AIM OF THE TASK: Copy out the data below from the line containing "DIY como hacer" to the line containing "下のほうにシャフトが見えます。", both lines included, with all images left out.

GIVEN ENTRIES:
[Start of Attachment]
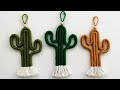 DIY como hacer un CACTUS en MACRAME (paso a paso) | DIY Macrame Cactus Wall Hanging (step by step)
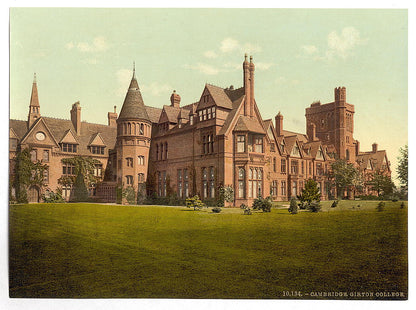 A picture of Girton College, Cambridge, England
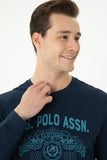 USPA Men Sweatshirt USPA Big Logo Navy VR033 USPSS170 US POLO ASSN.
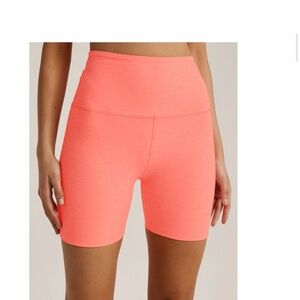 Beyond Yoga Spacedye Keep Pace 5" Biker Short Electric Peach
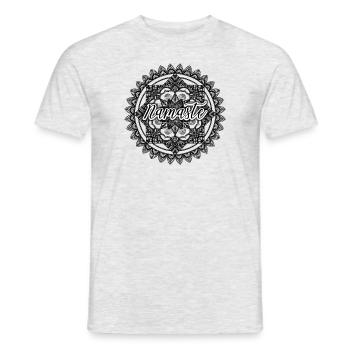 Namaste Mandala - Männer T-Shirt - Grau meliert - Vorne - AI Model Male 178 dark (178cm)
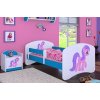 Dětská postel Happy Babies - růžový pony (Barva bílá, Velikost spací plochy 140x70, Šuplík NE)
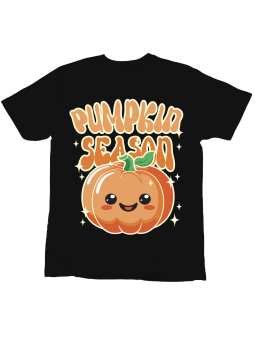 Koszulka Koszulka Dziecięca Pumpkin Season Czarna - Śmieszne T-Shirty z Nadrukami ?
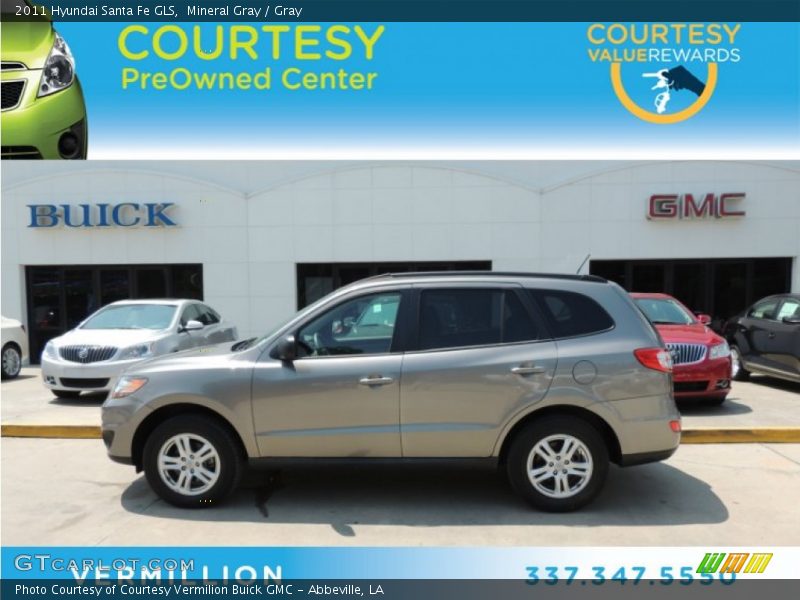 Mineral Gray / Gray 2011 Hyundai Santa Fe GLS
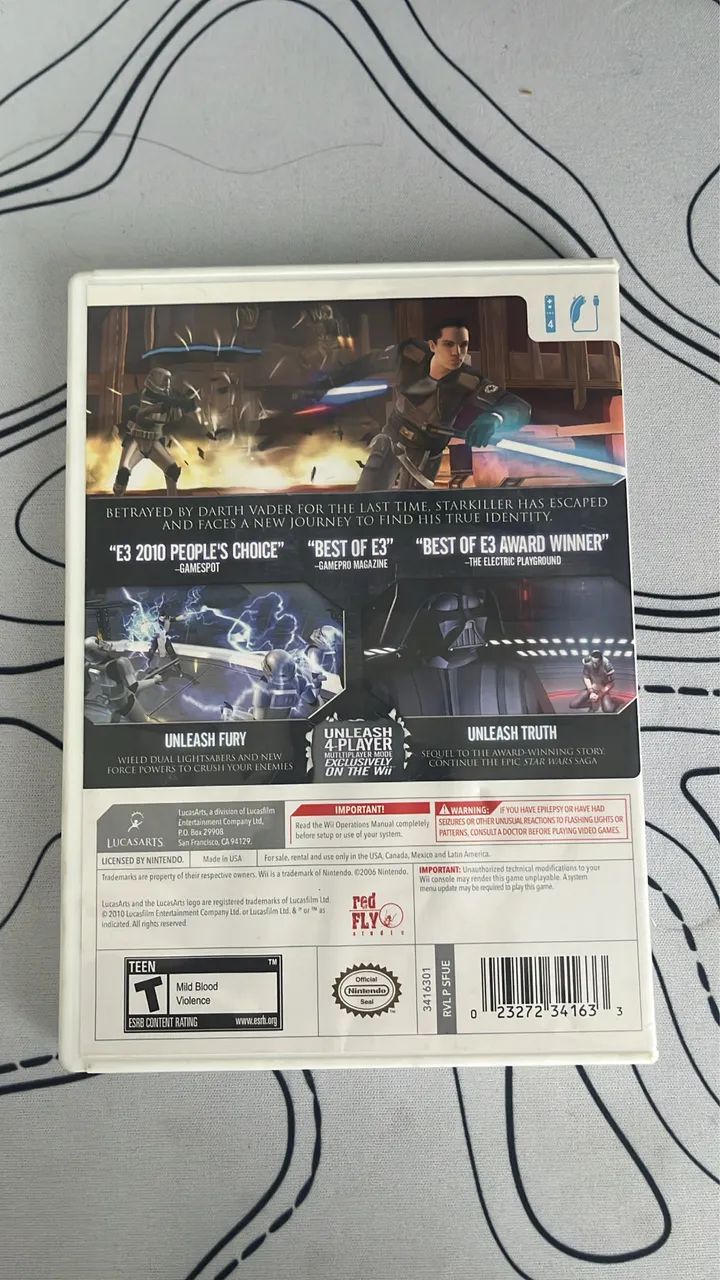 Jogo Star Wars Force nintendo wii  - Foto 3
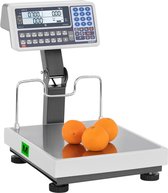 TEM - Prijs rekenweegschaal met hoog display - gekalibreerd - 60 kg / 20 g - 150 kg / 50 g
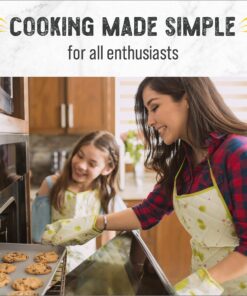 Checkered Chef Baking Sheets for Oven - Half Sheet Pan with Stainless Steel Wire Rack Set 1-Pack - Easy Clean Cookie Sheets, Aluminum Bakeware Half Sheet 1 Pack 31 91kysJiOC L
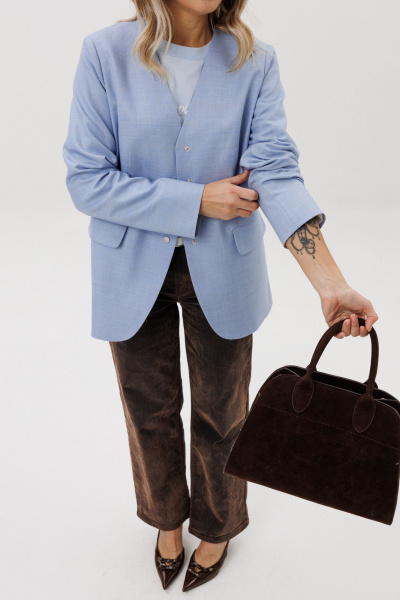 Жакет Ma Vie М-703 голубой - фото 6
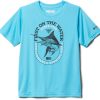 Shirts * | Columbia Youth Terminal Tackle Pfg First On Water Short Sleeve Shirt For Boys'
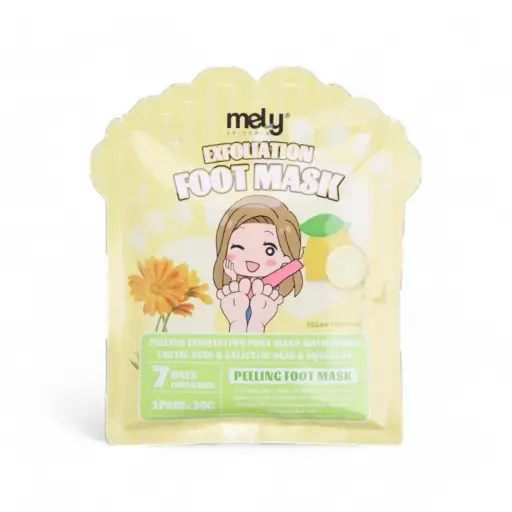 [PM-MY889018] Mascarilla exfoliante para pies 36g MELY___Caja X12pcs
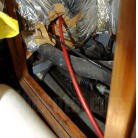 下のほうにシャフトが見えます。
[End of Attachment]
[Start of Attachment]
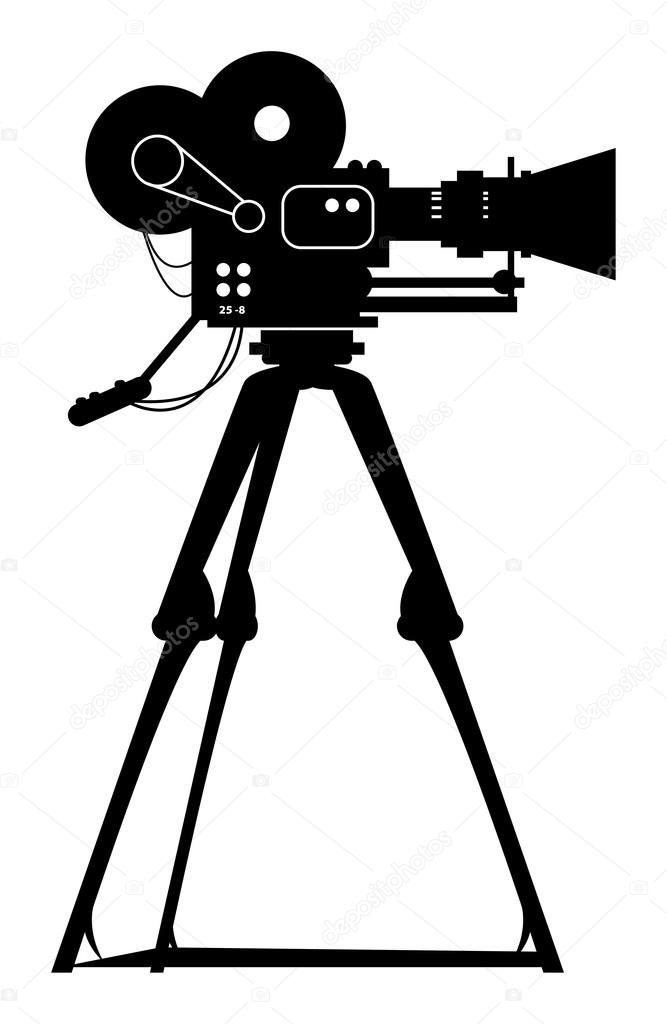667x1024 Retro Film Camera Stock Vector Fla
[End of Attachment]
EXERCISE ANSWER:
 DIY como hacer un CACTUS en MACRAME (paso a paso) | DIY Macrame Cactus Wall Hanging (step by step)
 A picture of Girton College, Cambridge, England
 USPA Men Sweatshirt USPA Big Logo Navy VR033 USPSS170 US POLO ASSN.
 Beyond Yoga Spacedye Keep Pace 5" Biker Short Electric Peach
 Namaste Mandala - Männer T-Shirt - Grau meliert - Vorne - AI Model Male 178 dark (178cm)
 Dětská postel Happy Babies - růžový pony (Barva bílá, Velikost spací plochy 140x70, Šuplík NE)
 Koszulka Koszulka Dziecięca Pumpkin Season Czarna - Śmieszne T-Shirty z Nadrukami ?
 Mineral Gray / Gray 2011 Hyundai Santa Fe GLS
 Jogo Star Wars Force nintendo wii  - Foto 3
 TEM - Prijs rekenweegschaal met hoog display - gekalibreerd - 60 kg / 20 g - 150 kg / 50 g
 Checkered Chef Baking Sheets for Oven - Half Sheet Pan with Stainless Steel Wire Rack Set 1-Pack - Easy Clean Cookie Sheets, Aluminum Bakeware Half Sheet 1 Pack 31 91kysJiOC L
 Жакет Ma Vie М-703 голубой - фото 6
 Shirts * | Columbia Youth Terminal Tackle Pfg First On Water Short Sleeve Shirt For Boys'
 [PM-MY889018] Mascarilla exfoliante para pies 36g MELY___Caja X12pcs
 下のほうにシャフトが見えます。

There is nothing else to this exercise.